All the parameters are similar to case 1.

Creating a new reference data set

We have a reference dataset that we want to use. It contains N samples that can be annotated to n1 main cell types (i.e. macrophages or DCs) and n2 cell states (i.e. alveolar macrophages, interstitial macrophages, pDCs and cDCs).

The gene expression data should be gene-length normalized (TPM, FPKM etc.) and in log2 scale. The rownames must be gene symbols.
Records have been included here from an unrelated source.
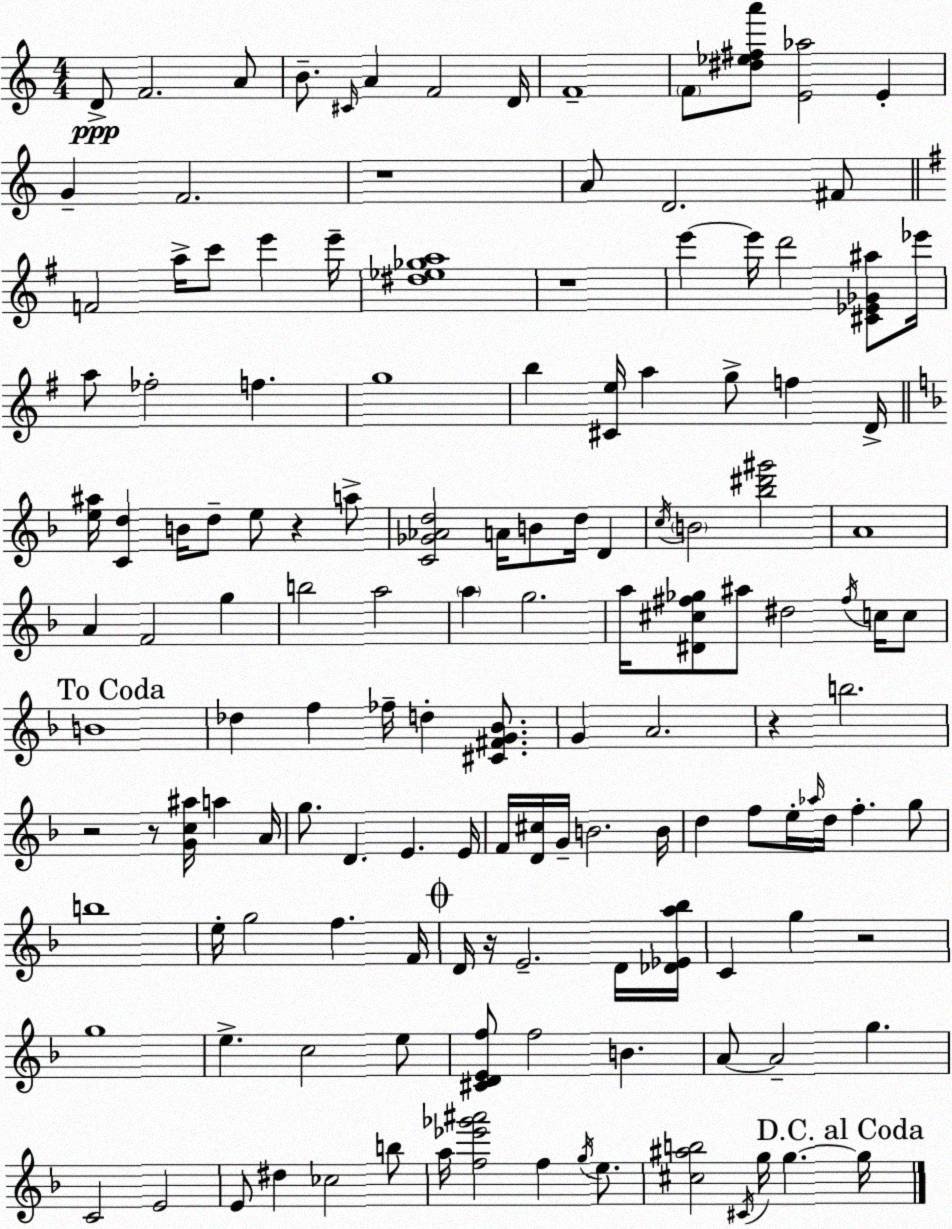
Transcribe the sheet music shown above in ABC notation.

X:1
T:Untitled
M:4/4
L:1/4
K:C
D/2 F2 A/2 B/2 ^C/4 A F2 D/4 F4 F/2 [^d_e^fa']/2 [E_a]2 E G F2 z4 A/2 D2 ^F/2 F2 a/4 c'/2 e' e'/4 [^d_e_ga]4 z4 e' e'/4 d'2 [^C_E_G^a]/2 _e'/4 a/2 _f2 f g4 b [^Ce]/4 a g/2 f D/4 [e^a]/4 [Cd] B/4 d/2 e/2 z a/2 [C_G_Ad]2 A/4 B/2 d/4 D c/4 B2 [_b^d'^g']2 A4 A F2 g b2 a2 a g2 a/4 [^D^c^f_g]/2 ^a/2 ^d2 ^f/4 c/4 c/2 B4 _d f _f/4 d [^C^FG_B]/2 G A2 z b2 z2 z/2 [Gc^a]/4 a A/4 g/2 D E E/4 F/4 [D^c]/4 G/4 B2 B/4 d f/2 e/4 _a/4 d/4 f g/2 b4 e/4 g2 f F/4 D/4 z/4 E2 D/4 [_D_Ea_b]/4 C g z2 g4 e c2 e/2 [^CDEf]/2 f2 B A/2 A2 g C2 E2 E/2 ^d _c2 b/2 a/4 [f_e'_g'^a']2 f g/4 e/2 [^c^ab]2 ^C/4 g/4 g g/4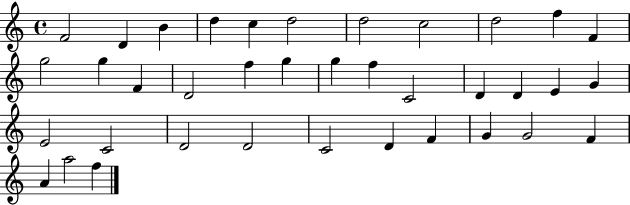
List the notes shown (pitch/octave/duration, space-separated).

F4/h D4/q B4/q D5/q C5/q D5/h D5/h C5/h D5/h F5/q F4/q G5/h G5/q F4/q D4/h F5/q G5/q G5/q F5/q C4/h D4/q D4/q E4/q G4/q E4/h C4/h D4/h D4/h C4/h D4/q F4/q G4/q G4/h F4/q A4/q A5/h F5/q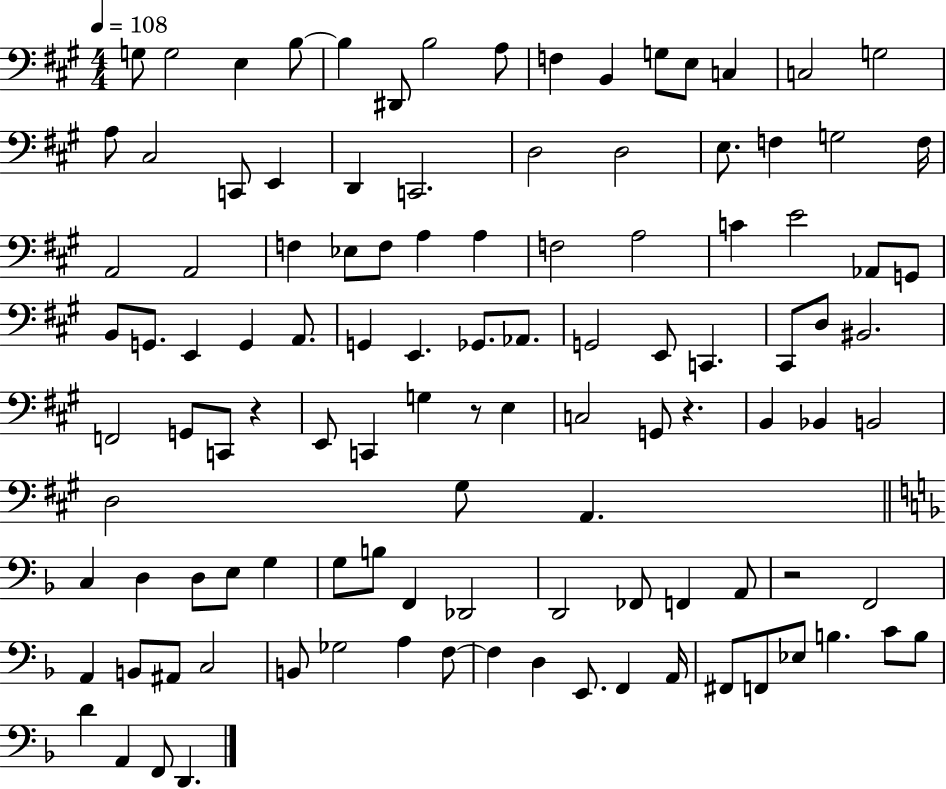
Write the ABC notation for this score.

X:1
T:Untitled
M:4/4
L:1/4
K:A
G,/2 G,2 E, B,/2 B, ^D,,/2 B,2 A,/2 F, B,, G,/2 E,/2 C, C,2 G,2 A,/2 ^C,2 C,,/2 E,, D,, C,,2 D,2 D,2 E,/2 F, G,2 F,/4 A,,2 A,,2 F, _E,/2 F,/2 A, A, F,2 A,2 C E2 _A,,/2 G,,/2 B,,/2 G,,/2 E,, G,, A,,/2 G,, E,, _G,,/2 _A,,/2 G,,2 E,,/2 C,, ^C,,/2 D,/2 ^B,,2 F,,2 G,,/2 C,,/2 z E,,/2 C,, G, z/2 E, C,2 G,,/2 z B,, _B,, B,,2 D,2 ^G,/2 A,, C, D, D,/2 E,/2 G, G,/2 B,/2 F,, _D,,2 D,,2 _F,,/2 F,, A,,/2 z2 F,,2 A,, B,,/2 ^A,,/2 C,2 B,,/2 _G,2 A, F,/2 F, D, E,,/2 F,, A,,/4 ^F,,/2 F,,/2 _E,/2 B, C/2 B,/2 D A,, F,,/2 D,,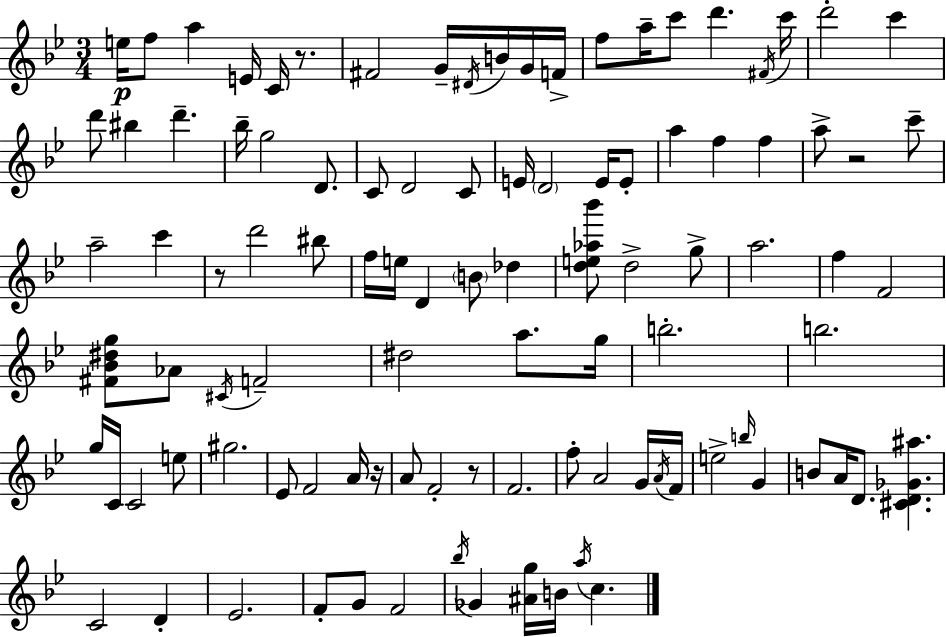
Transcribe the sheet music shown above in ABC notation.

X:1
T:Untitled
M:3/4
L:1/4
K:Gm
e/4 f/2 a E/4 C/4 z/2 ^F2 G/4 ^D/4 B/4 G/4 F/4 f/2 a/4 c'/2 d' ^F/4 c'/4 d'2 c' d'/2 ^b d' _b/4 g2 D/2 C/2 D2 C/2 E/4 D2 E/4 E/2 a f f a/2 z2 c'/2 a2 c' z/2 d'2 ^b/2 f/4 e/4 D B/2 _d [de_a_b']/2 d2 g/2 a2 f F2 [^F_B^dg]/2 _A/2 ^C/4 F2 ^d2 a/2 g/4 b2 b2 g/4 C/4 C2 e/2 ^g2 _E/2 F2 A/4 z/4 A/2 F2 z/2 F2 f/2 A2 G/4 A/4 F/4 e2 b/4 G B/2 A/4 D/2 [^CD_G^a] C2 D _E2 F/2 G/2 F2 _b/4 _G [^Ag]/4 B/4 a/4 c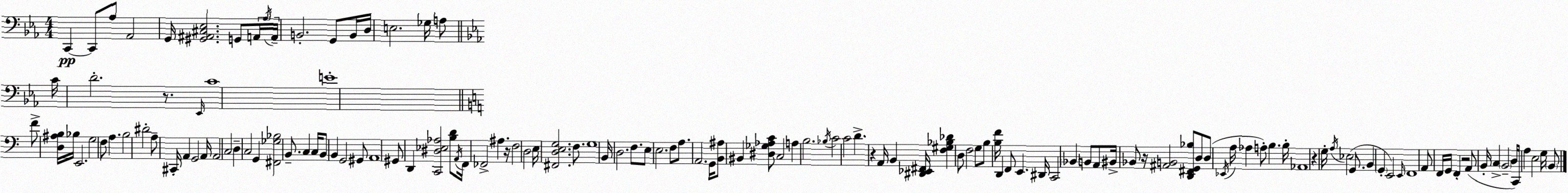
X:1
T:Untitled
M:4/4
L:1/4
K:Eb
C,, C,,/2 _A,/2 _A,,2 G,,/4 [^G,,^A,,^C,_E,]2 G,,/2 A,,/4 _A,/4 A,,/4 B,,2 G,,/2 B,,/4 D,/4 E,2 _G,/4 A,/2 C/4 D2 z/2 _E,,/4 C4 E4 F/2 [D,^A,B,]/4 _B,/4 E,,2 G,2 F,/2 A, B,2 ^D2 A,/2 ^C,,/4 A,, G,,2 A,,/4 A,,2 C,2 D, C,2 G,, [^F,,_G,_B,]2 B,,/2 C, C,/4 B,,/2 B,, G,,2 ^G,,/2 A,,4 ^G,,/2 D,, [C,,^D,_E,_A,]2 [B,D]/2 A,,/4 F,,/4 _F,,2 ^A, z/4 F,2 D,2 E,/4 [^F,,D,E,G,]2 F,/2 G,4 B,,/4 D,2 F,/2 E,/2 E,2 F,/2 A,/2 A,,2 G,,/4 [B,,^A,]/2 ^B,, [^D,_G,_A,C]/2 C,2 A, B,2 _B,/4 C2 C2 D z A,,/4 B,, [^D,,_E,,^F,,]/4 [F,^G,_B,_D] D,/2 F,2 G,/2 B,/2 [B,F]/4 D,, F,,/2 E,, ^D,,/4 C,,2 _B,, B,,/2 A,,/2 ^B,,/4 _B,,/2 z/4 [^A,,B,,]2 [D,,^F,,G,,_B,]/2 D,/2 D,/2 _E,,/4 A,/4 _A, A,/2 B, B,/4 _A,,4 z G,/4 A,/4 _E,2 G,,/2 B,, G,, E,,2 E,,/4 F,,4 A,,/2 F,,/4 G,,/4 F,, z2 A,,/2 B,,/4 C, B,,2 D,/4 C,,/4 A, E,2 G,/4 B,,/2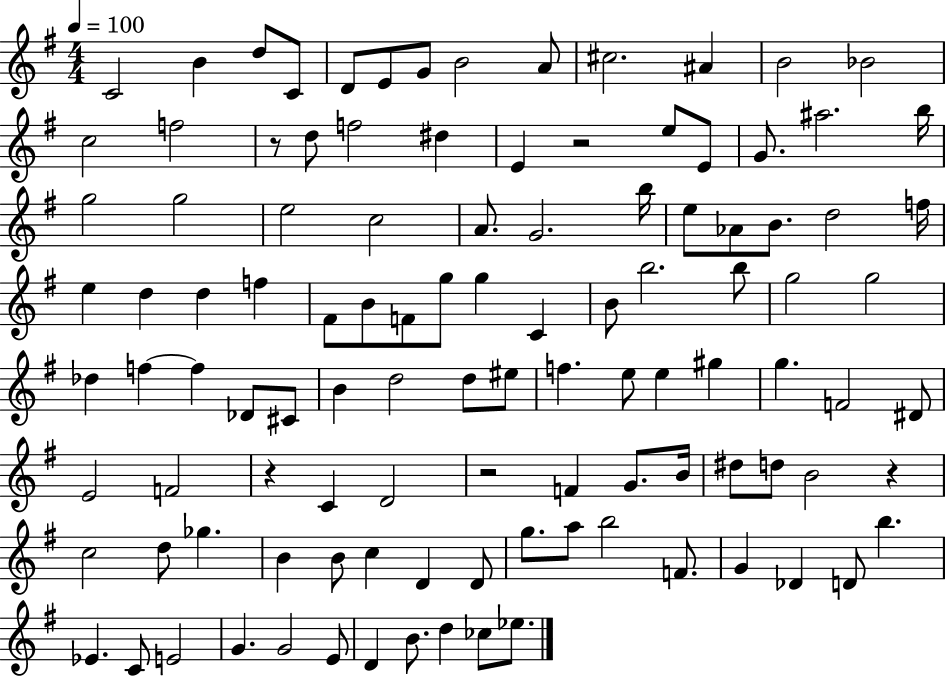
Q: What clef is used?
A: treble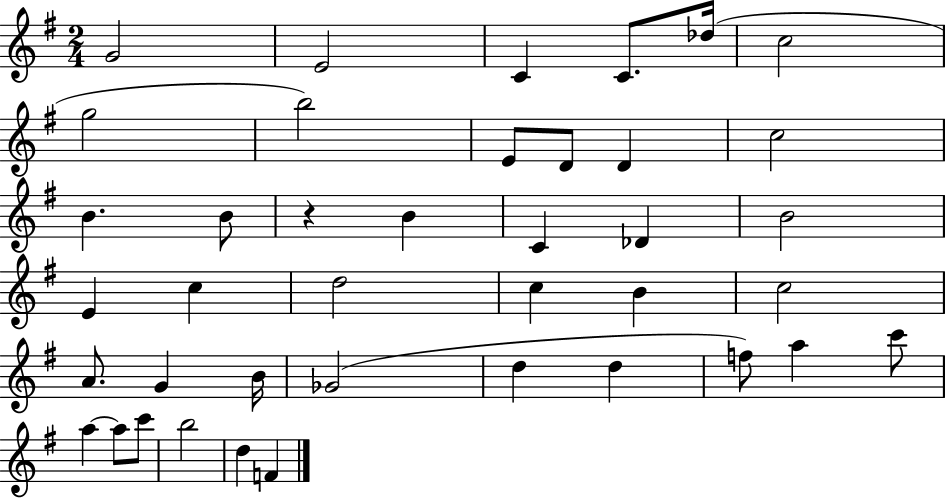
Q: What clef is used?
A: treble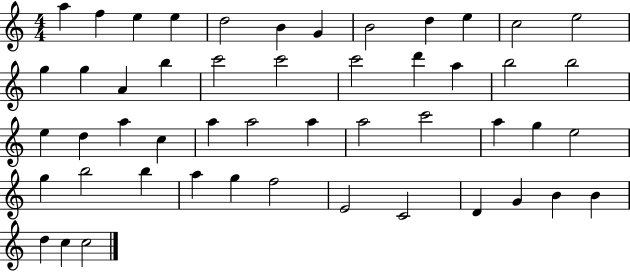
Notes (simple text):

A5/q F5/q E5/q E5/q D5/h B4/q G4/q B4/h D5/q E5/q C5/h E5/h G5/q G5/q A4/q B5/q C6/h C6/h C6/h D6/q A5/q B5/h B5/h E5/q D5/q A5/q C5/q A5/q A5/h A5/q A5/h C6/h A5/q G5/q E5/h G5/q B5/h B5/q A5/q G5/q F5/h E4/h C4/h D4/q G4/q B4/q B4/q D5/q C5/q C5/h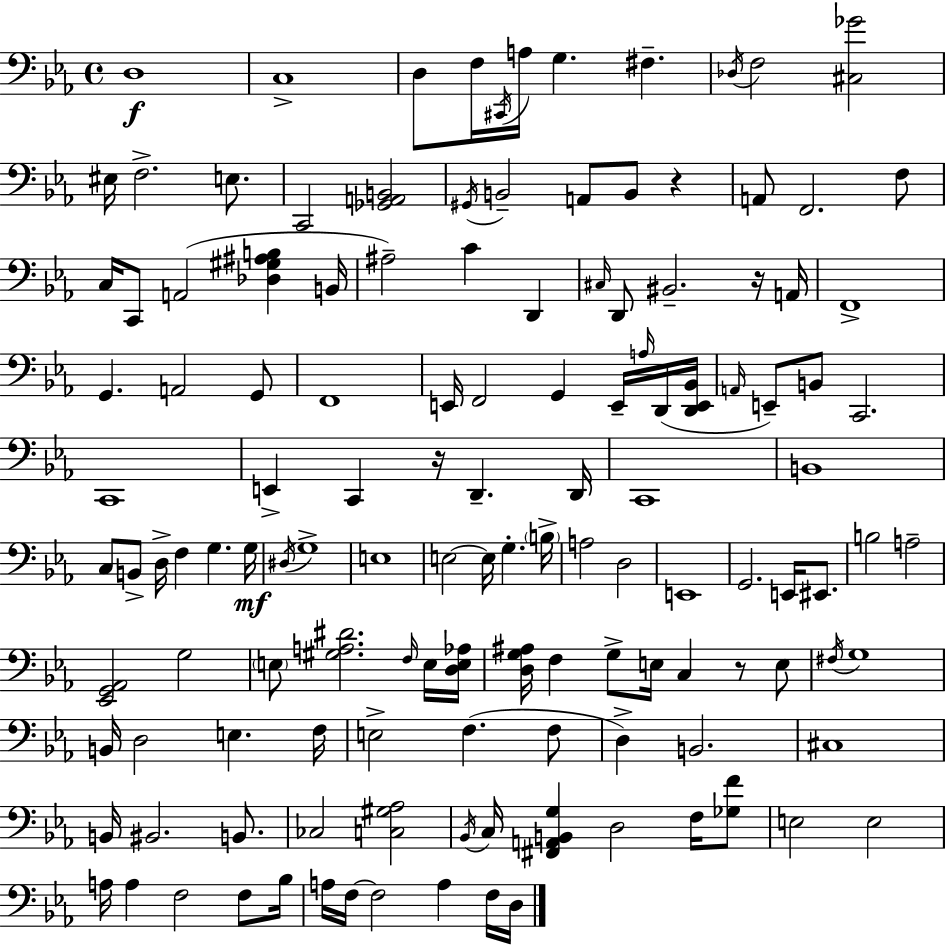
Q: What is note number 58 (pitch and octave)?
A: F3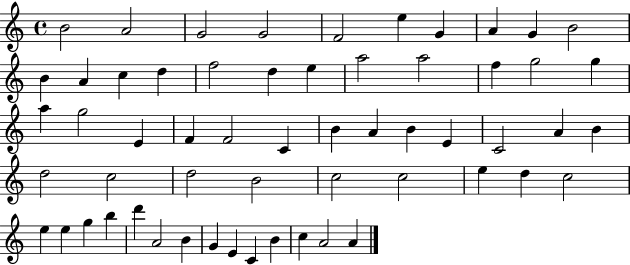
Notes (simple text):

B4/h A4/h G4/h G4/h F4/h E5/q G4/q A4/q G4/q B4/h B4/q A4/q C5/q D5/q F5/h D5/q E5/q A5/h A5/h F5/q G5/h G5/q A5/q G5/h E4/q F4/q F4/h C4/q B4/q A4/q B4/q E4/q C4/h A4/q B4/q D5/h C5/h D5/h B4/h C5/h C5/h E5/q D5/q C5/h E5/q E5/q G5/q B5/q D6/q A4/h B4/q G4/q E4/q C4/q B4/q C5/q A4/h A4/q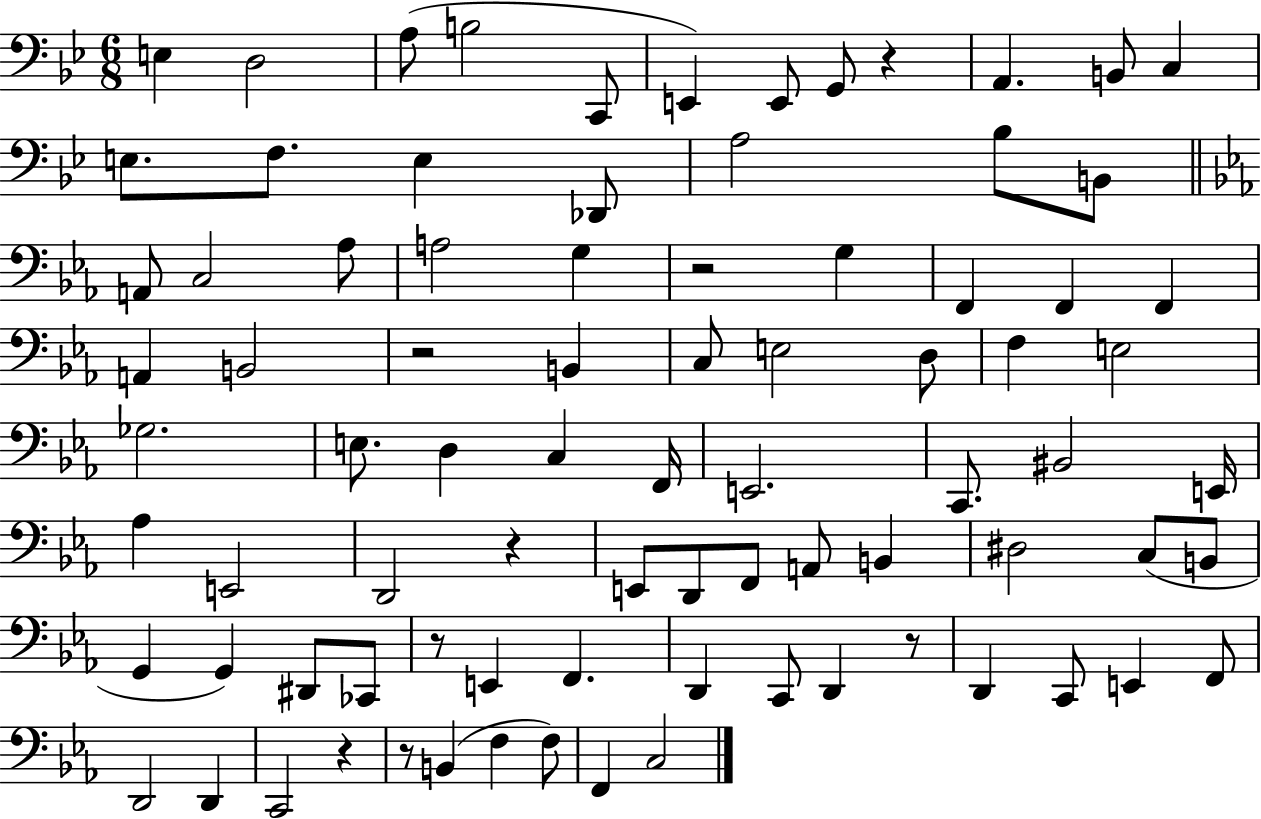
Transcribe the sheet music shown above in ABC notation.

X:1
T:Untitled
M:6/8
L:1/4
K:Bb
E, D,2 A,/2 B,2 C,,/2 E,, E,,/2 G,,/2 z A,, B,,/2 C, E,/2 F,/2 E, _D,,/2 A,2 _B,/2 B,,/2 A,,/2 C,2 _A,/2 A,2 G, z2 G, F,, F,, F,, A,, B,,2 z2 B,, C,/2 E,2 D,/2 F, E,2 _G,2 E,/2 D, C, F,,/4 E,,2 C,,/2 ^B,,2 E,,/4 _A, E,,2 D,,2 z E,,/2 D,,/2 F,,/2 A,,/2 B,, ^D,2 C,/2 B,,/2 G,, G,, ^D,,/2 _C,,/2 z/2 E,, F,, D,, C,,/2 D,, z/2 D,, C,,/2 E,, F,,/2 D,,2 D,, C,,2 z z/2 B,, F, F,/2 F,, C,2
This is how we define the reference object:

  name = 'My_reference'
  expr = as.matrix(expr) # the expression matrix
  types = as.character(types) # a character list of the types. Samples from the same type should have the same name.
  main_types = as.character(main_types) # a character list of the main types. 
  ref = list(name=name,data = expr, types=types, main_types=main_types)
  
  # if using the de method, we can predefine the variable genes
  ref$de.genes = CreateVariableGeneSet(expr,types,200)
  ref$de.genes.main = CreateVariableGeneSet(expr,main_types,300)
  
  # if using the sd method, we need to define an sd threshold
  sd = rowsSd(expr)
  sd.thres = sort(sd, decreasing = T)[4000] # or any other threshold
  ref$sd.thres = sd.thres
  
  save(ref,file='ref.RData') # it is best to name the object and the file with the same name.
  
  # we can then use this reference in the previous functions. Multiple references can used.
  singler = CreateSinglerObject(... ref.list = list(immgen, ref, mouse.rnaseq)

Using the object

There are examples in http://comphealth.ucsf.edu/sample-apps/SingleR/SingleR_specifications.html

We will soon add more simple examples with full analysis of datasets.